Unity’s physics system is prepared to cover a great range of possible gameplay applications, so properly configuring it is important to get the desired result.

In this section, we will examine the following physics settings concepts:

• Setting shapes
• Physics object types
• Filtering collisions

We are going to start by learning about the different kinds of colliders that Unity offers, and then learn about different ways to configure those to detect different kinds of physics reactions (collisions and triggers). Finally, we will discuss how to ignore collisions between specific objects to prevent situations such as the player’s bullets damaging the player.

Setting shapes

At the beginning of this book, we learned that objects usually have two shapes, the visual shape—which is basically the 3D mesh—and the physical one, the collider—the one that the physics system will use to calculate collisions. Remember that the idea of this is to allow you to have a highly detailed visual model while having a simplified physics shape to increase the performance.
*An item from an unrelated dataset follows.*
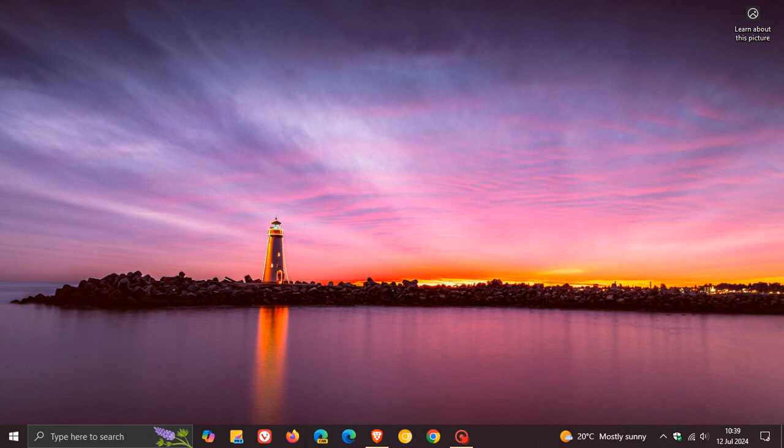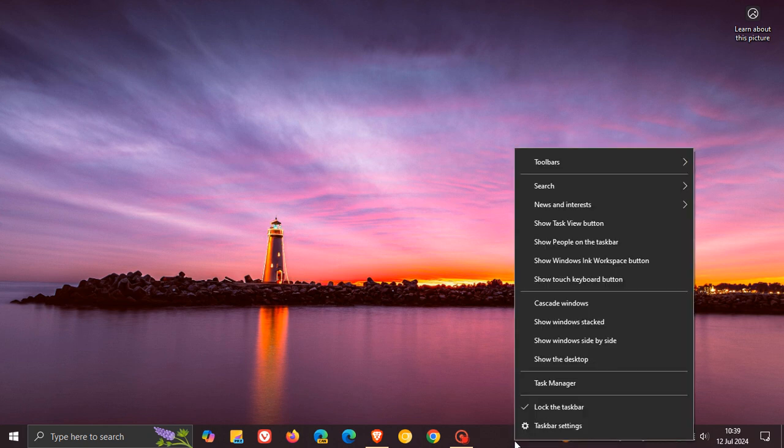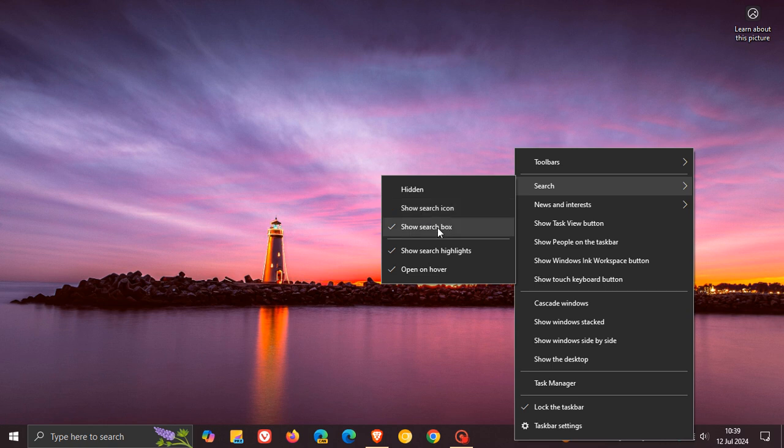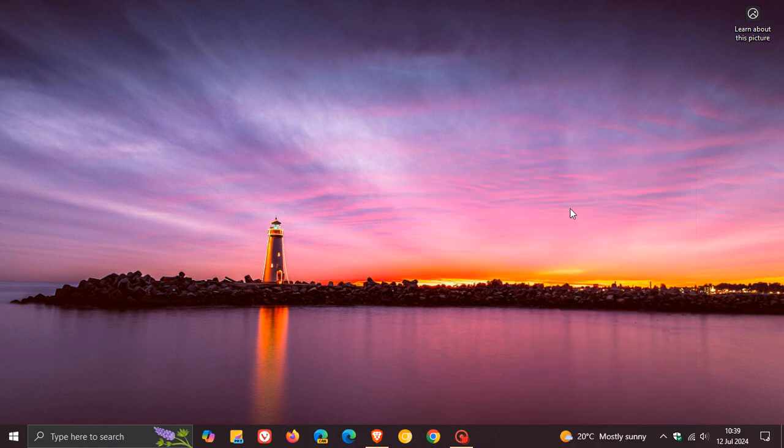First of all, if you do find yourself in the beta channel of Windows 10, Microsoft says they are beginning to roll out a fix where you will see the search box on your secondary monitors when the setting for search on the taskbar is set to search box. As you may well know, if you head up, you can click on hidden, show search icon, show search box. They're beginning to roll out that fix if you do find yourself in the beta channel.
Unity has several types of colliders, so here we will recap the common ones, starting with the primitive types, that is, Box, Sphere, and Capsule. These shapes are the cheapest ones (in terms of performance) to detect collisions due to the fact that the collisions between them are done via mathematical formulae, unlike other colliders such as the Mesh Collider, which allows you to use any mesh as the physics body of the object, but with a higher performance cost and some limitations. The idea is that you should use a primitive type to represent your objects or a combination of them, for example, an airplane could be done with two Box colliders, one for the body and the other one for the wings. You can see an example of this in the following screenshot, where you can see a weapons collider made from primitives:

Figure 7.1: Compound colliders

Anyway, this is not always necessary; if we want the weapon to just fall to the ground, maybe a Box collider covering the entire weapon can be enough, considering those kinds of collisions don’t need to be accurate, thereby increasing performance. Also, some shapes cannot be represented even with a combination of primitive shapes, such as ramps or pyramids, where your only solution is to use a Mesh collider, which asks for a 3D mesh to use for collisions, but we won’t use them in this book given their high-performance impact; we will solve all of our physics colliders with primitives.
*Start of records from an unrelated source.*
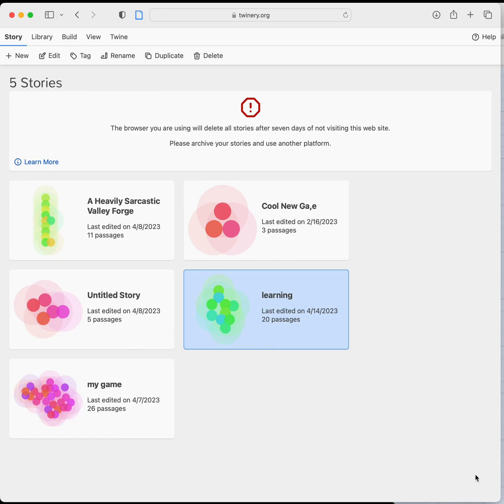This should be relatively quick. I'm going to show you how to use variables to set a character name or to allow your player to choose a character.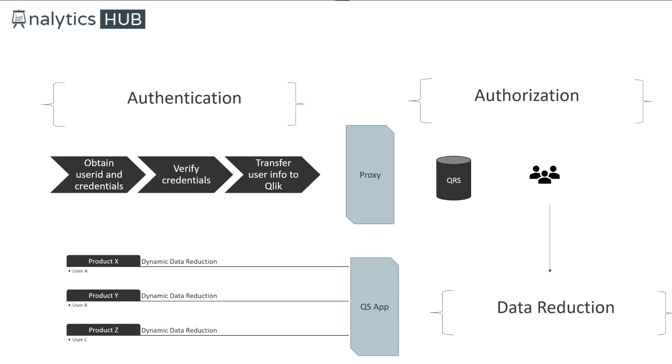When you define a section access table, which has user and a column, and then the values that user can see. Section access also allows omission of a column. So you can hide a column from a particular user if the column contains sensitive information. That's in a nutshell how data reduction works using section access.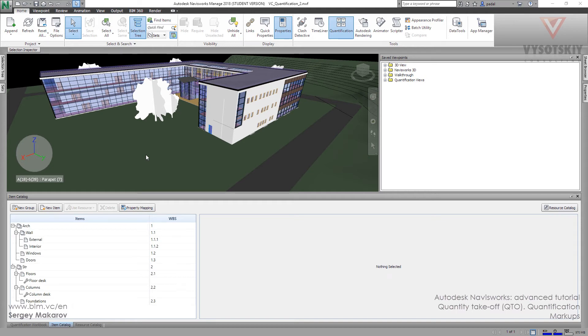We can add sheets to this model, to the Navisworks model, and then we can add special markups which we can analyze and count and calculate the length, the area in the quantification workbook. Let's try it.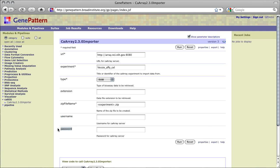Username and password are only needed if the data you are importing is private. In this case, our data is public so we can leave the fields blank.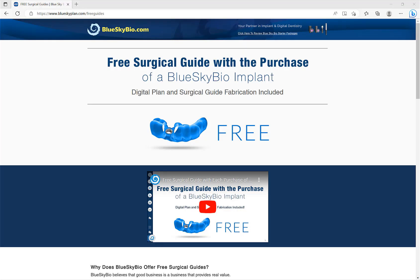If you're interested in free surgical guides that include digital planning and surgical guide fabrication for single implant cases, check blueskyplan.com/free-guides.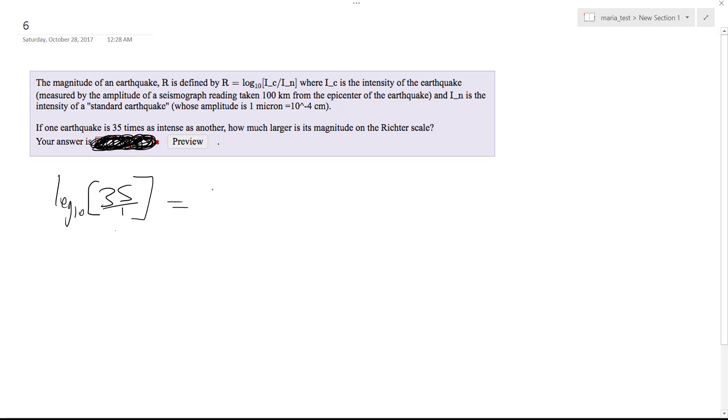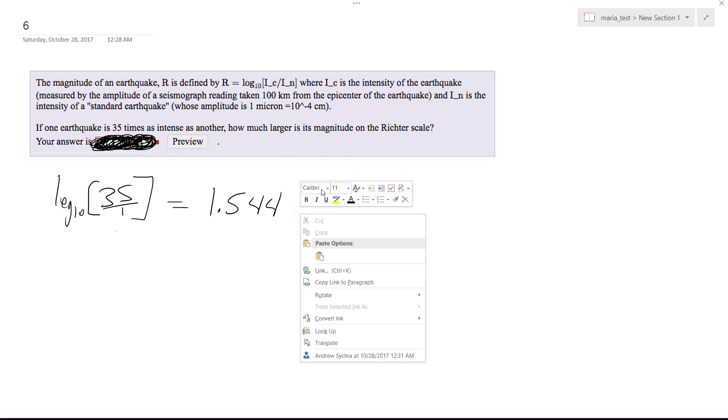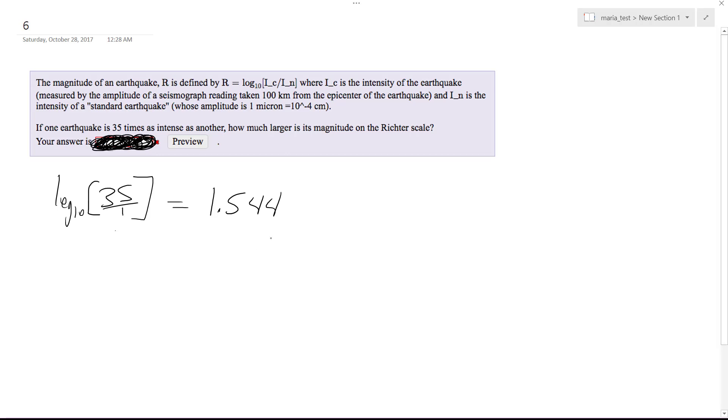The solution to this is going to be 1.544, roughly times as much, times as powerful as the standard earthquake. So there's your solution, hopefully that helps.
Now, let’s add the necessary colliders to our scene to prepare it to calculate collisions properly. Consider that if you used an Asset Store environment package other than mine, you may already have the scene modules with colliders; I will be showing the work I needed to do in my case, but try to extrapolate the main ideas here to your scene. To add the colliders, follow these steps:

1. Select a wall in the base and check the object and possible child objects for collider components; in my case, I have no colliders. If you detect any Mesh collider, you can leave it if you want, but I would suggest you remove it and replace it with another option in the next step. The idea is to add the collider to it, but the problem I detected here is that, due to the fact my wall is not an instance of a Prefab, I need to add a collider to every wall in the scene.
2. One option is to create a Prefab and replace all of the walls with instances of the Prefab (the recommended solution) or to just select all walls in the Hierarchy (by clicking them while pressing Ctrl or Cmd on Mac) and, with them selected, use the Add Component button to add a collider to all of them. In my case, I will use the Box Collider component, which will adapt the size of the collider to the mesh. If it doesn’t adapt, you can just change the Size and Center properties of the Box Collider to cover the entire wall:

Figure 7.2: A Box Collider added to a wall

3. Repeat steps 1 and 2 for the corners, floor tiles, and any other obstacle that will block player and enemy movement.
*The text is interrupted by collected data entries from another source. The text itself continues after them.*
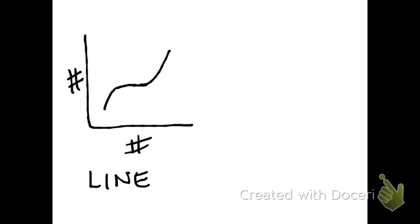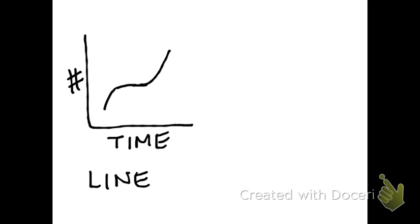Also, any time there's time on the x-axis, time of any kind, you're going to use a line graph: seconds, years, months, whatever.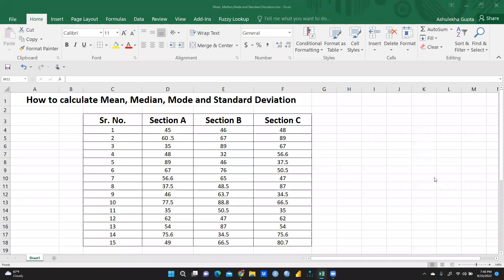Hi everyone. In this video we would learn how to calculate mean, median, mode, and standard deviation. This video is specifically prepared for students studying statistical analysis and business analytics who want to calculate these measures in Excel.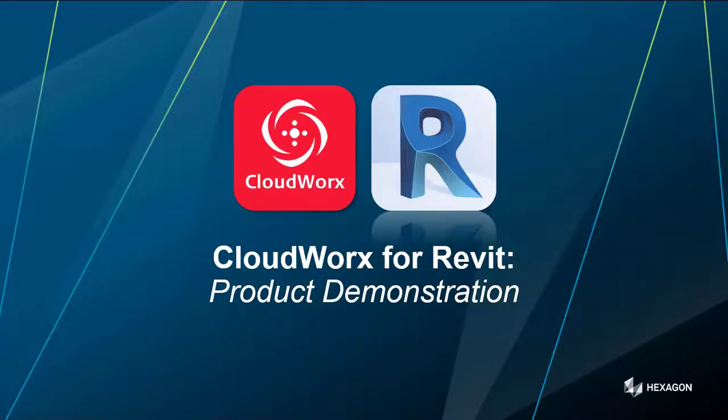Hello and welcome to this CloudWorks for Revit product demonstration video. This is a very short video just to give you some of the basics of the tools and functionality within CloudWorks for Revit. I hope you enjoy the session and look forward to getting your feedback on the content.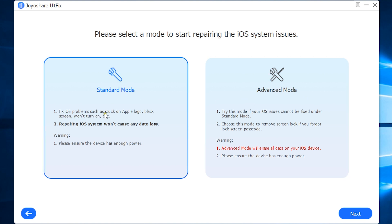In the standard mode, you can fix almost all the common issues like stuck on Apple logo, black screen, won't turn on, etc. And this won't cause any data loss.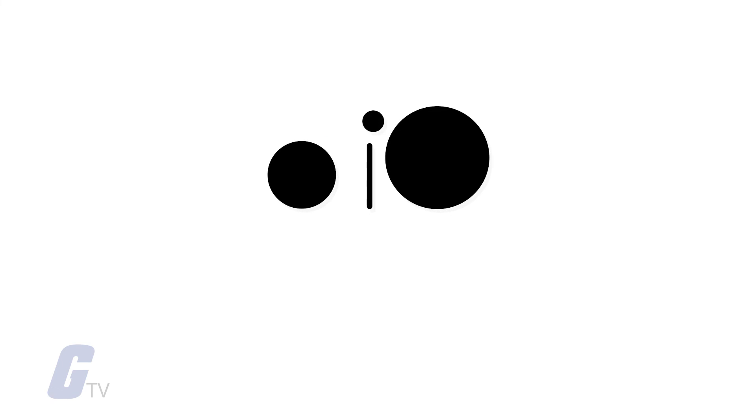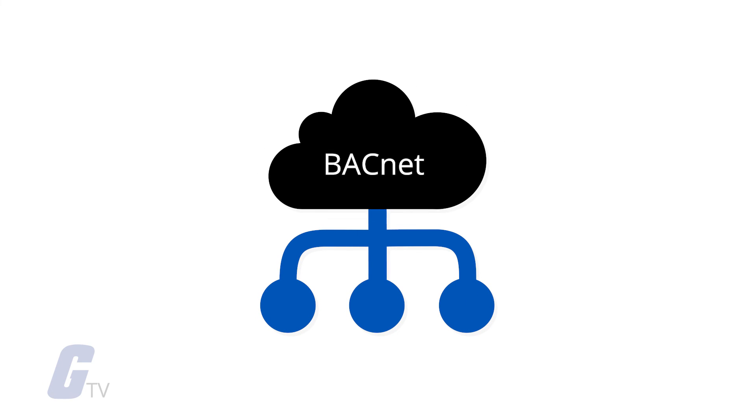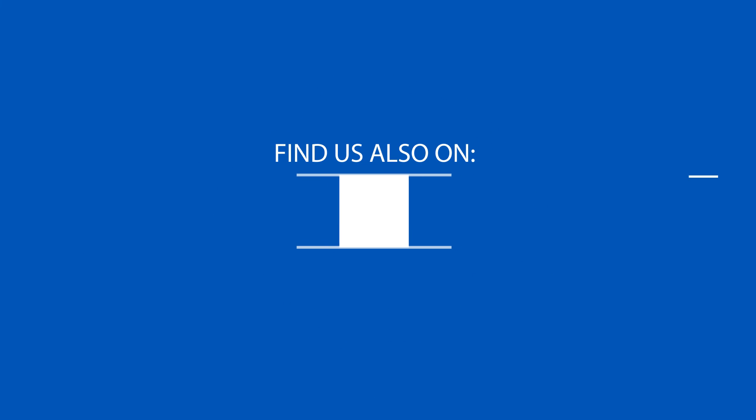You may have used BACnet-enabled devices before without even realizing it. Be sure to subscribe to Galco TV for more tech tips.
Now that we have added the needed colliders to the walls and floor, we can continue with the player and enemy. We will be adding the Capsule Collider to them, the usual collider to use in movable characters due to the fact that the rounded bottom will allow the object to smoothly climb ramps. Being horizontally rounded allows the object to easily rotate in corners without getting stuck, along with other conveniences of that shape. You might want to create an enemy Prefab based on one of the characters we downloaded before, so you can add the collider to that Prefab. Our player is a simple GameObject in the scene, so you will need to add the collider to that one, but consider also creating a Prefab for the player for convenience.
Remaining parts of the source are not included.